*** Block opens ***

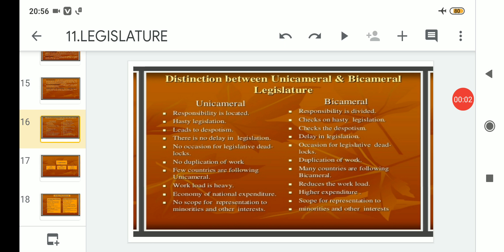Hello students, welcome to Political Science for Class 11 Arts. Today we will compare and differentiate between the unicameral and bicameral legislature. Previously we completed learning about unicameral legislature — its advantages and disadvantages — and also the definition of bicameral legislature with its merits and demerits.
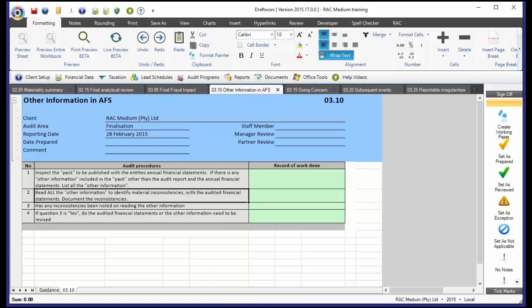If the director's report is saying, listen, we've made a 10 million rent profit and we're going to do so well next year. But the financial statements are saying, we've done horribly after year end, we've impaired all our debtors, and we're looking at a going concern crisis. We need to bring this to the attention of management.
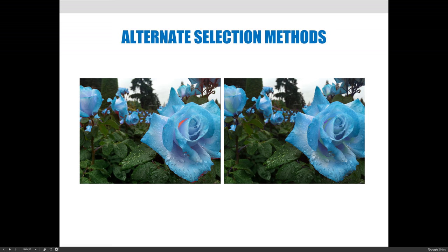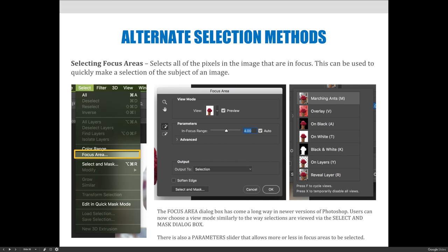The second alternate selection method is Focus Area, which is pretty cool because it lets you quickly grab your subject area. If you have an image where your subject is in focus and your background is out of focus, you can quickly select the in-focus area. If you want to adjust the out-of-focus area, just inverse your selection. To use it, choose Select > Focus Area. This new and improved dialog box will appear. In the newest version of Photoshop it has some of the same features as the Select and Mask dialog box, and you can even launch that dialog box to further modify your selection.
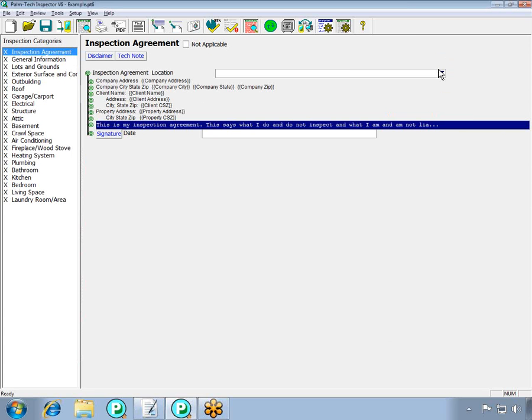Finally, we have a spot where your client can sign and then date the agreement. This works really well especially on a touch screen computer such as a tablet or PDA, because your client can sign it with a stylus, just like they would a regular piece of paper.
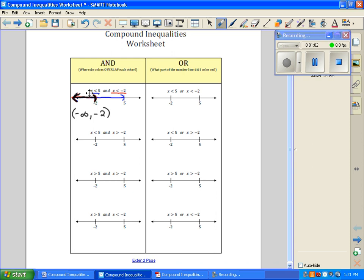So we have x is less than 5, and then we have x is greater than negative 2. We want to know where do they overlap. They overlap from here to here. So our solution is negative 2 to 5.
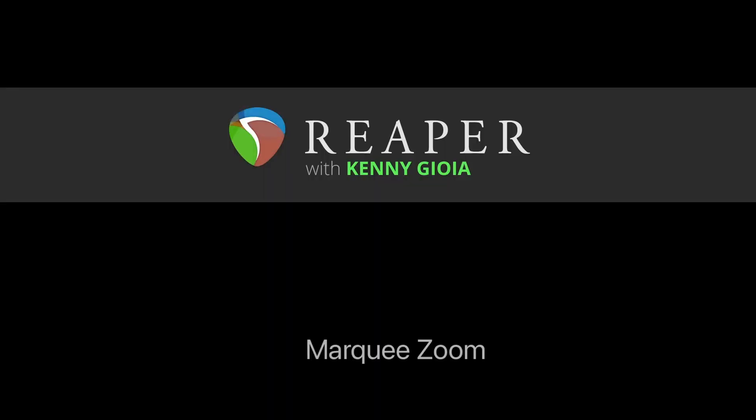So that's pretty much it. That's marquee zoom in Reaper. Hope you learned something. Hope you can use it. And I'll see you next time. Thanks.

*** Block closes ***

**WORK REQUIRED**. The answer must be an exact restatement of all the records, with no pictures included.

**EXERCISE ANSWER**.
Hello students, welcome to Political Science for Class 11 Arts. Today we will compare and differentiate between the unicameral and bicameral legislature. Previously we completed learning about unicameral legislature — its advantages and disadvantages — and also the definition of bicameral legislature with its merits and demerits.
If the director's report is saying, listen, we've made a 10 million rent profit and we're going to do so well next year. But the financial statements are saying, we've done horribly after year end, we've impaired all our debtors, and we're looking at a going concern crisis. We need to bring this to the attention of management.
The second alternate selection method is Focus Area, which is pretty cool because it lets you quickly grab your subject area. If you have an image where your subject is in focus and your background is out of focus, you can quickly select the in-focus area. If you want to adjust the out-of-focus area, just inverse your selection. To use it, choose Select > Focus Area. This new and improved dialog box will appear. In the newest version of Photoshop it has some of the same features as the Select and Mask dialog box, and you can even launch that dialog box to further modify your selection.
Finally, we have a spot where your client can sign and then date the agreement. This works really well especially on a touch screen computer such as a tablet or PDA, because your client can sign it with a stylus, just like they would a regular piece of paper.
So we have x is less than 5, and then we have x is greater than negative 2. We want to know where do they overlap. They overlap from here to here. So our solution is negative 2 to 5.
So that's pretty much it. That's marquee zoom in Reaper. Hope you learned something. Hope you can use it. And I'll see you next time. Thanks.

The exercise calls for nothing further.